**Description of the task**
Copy out exactly the lines from the one with "Hotell Mayan Monkey" through the last line of the listing below, both included, but none of the pictures.

**Data below**
════════════════════
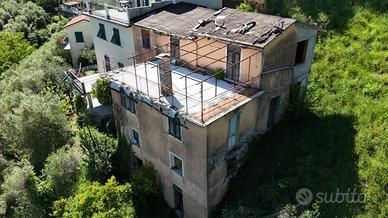 RUSTICO A CARASCO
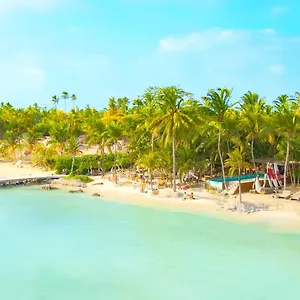 Hotell Mayan Monkey - Social (adults Only), Isla Mujeres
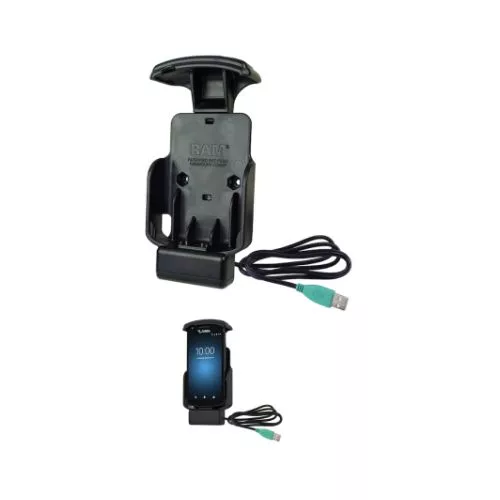 Ghid Accesorii Zebra EC50/EC55 Ghid Accesorii Zebra EC50/EC55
════════════════════
**Response to the exercise**
 Hotell Mayan Monkey - Social (adults Only), Isla Mujeres
 Ghid Accesorii Zebra EC50/EC55 Ghid Accesorii Zebra EC50/EC55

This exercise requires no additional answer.